My Bill And Ted Face The Music Non-Review

I had this very nice to-do list of posts to write, with a review of the new(ish) Bill & Ted Face The Music right on the very tippy-top; this proved to be my undoing, as I found it near-impossible to write a legitimate (per the mainstream concept of such) review of this film.

And I’ll tell you why:

But let me first state for the record that I indeed enjoyed Bill & Ted Face The Music very much. I spent close to $20 to see it first-run streaming, and it was worth (more or less) every penny. Alex Winter & Keanu Reeves are sweeter-than-sweet human beings god bless ’em, nice George Carlin tribute!, etc. Luv that movie!

But. (But…)

Bill & Ted Face The Music really wasn’t a “movie” the way, say…The Lighthouse was a movie.
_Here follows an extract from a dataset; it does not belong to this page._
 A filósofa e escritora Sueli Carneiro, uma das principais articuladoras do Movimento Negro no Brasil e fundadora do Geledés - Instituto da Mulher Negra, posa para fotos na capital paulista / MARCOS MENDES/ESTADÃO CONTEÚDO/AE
OKAY, before you label me a HUGE SNOB…let me explain! Gimmie a second!

I walked into watching The Lighthouse—purposely avoiding spoilers—because I was seeking some sort of unique narrative experience. It was like a journey into unknown territory.

In contrast, I pretty much knew exactly what to expect out of Bill & Ted Face The Music. In fact…that is largely why I (and probably so many others) was willing to pay $20 to see it on my crappy worefully-outdated-model flat-screen.

I watched Bill & Ted Face The Music for ritual reasons.

Let me repeat: this “Bill & Ted” movie, the last of the trilogy (before the inevitable reboot and/or sequel starring their kids), was a type of ritual that me & those of my generation engaged in, in part, to bring some sort of “closure” & context to our lives.

Not surprisingly, Bill & Ted themselves (and most likely also Alex & Keanu) consciously go on their own ritual within the narrative of the film in order to bring some sort of “closure” & context to their lives. A key scene early in the movie takes place in a “joint-counseling session” between the two and their wives bringing up issues of possible immaturity and failure-to-launch on behalf of these righteous dudes. The rest of the movie—if we consider the “song to save the timelines” plot-point to be more of an incidental colorful metaphor—follows Bill & Ted as they periodically visit progressively-older versions of themselves. These versions, unsurprisingly, work their way from cynical to more-cynical, to REALLY-CYNICAL…before achieving some sense of Enlightenment in their old age.

Which is *pretty much* on-the-nose of how it seems to be going for yours truly, disconcertingly not that much younger than Winter & Reeves as they made this film.

Bill & Ted Face The Music is, therefore, sort of a communal “ritual” for the Collective…the same way that the ever-more-complex Marvel Universe movies turned out to be a communal ritual, the same way that “Twin Peaks 30 Years Later” turned out to be a communal ritual, the same way the latest “Halloween” movies turned out to be a communal ritual, the same way that any big-budget reboot/sequel more-or-less self-consciously seeks to be.

We are seeking a) Closure or at least b) Context.

Anyway…that’s my take on it. And I enjoyed it for what it was.

But it’s my theory that if you place a person (young-or-otherwise) with no previous experience or context for the “Bill & Ted” franchise in front of Bill & Ted Face The Music, they’ll find very little to immediately “connect” with. Because the previous experience/context is crucial for the full enjoyment of the movie; whereas it isn’t for some flick like The Lighthouse or whatever (though certainly familiarity with Willem Dafoe & Robert Pattinson’s cinematic oeuvre/archetypes does lend Max Eggers’ movie an added bit of tasty frottage).

Am I being an asshole for saying this? Or am I merely recounting my own personal experience, hesitantly presenting it to the public as a “possible” Universal Concept?

At any rate: there, I can finally cross this off my list, now! Back to reviews of old Turkish superhero movies! Yay!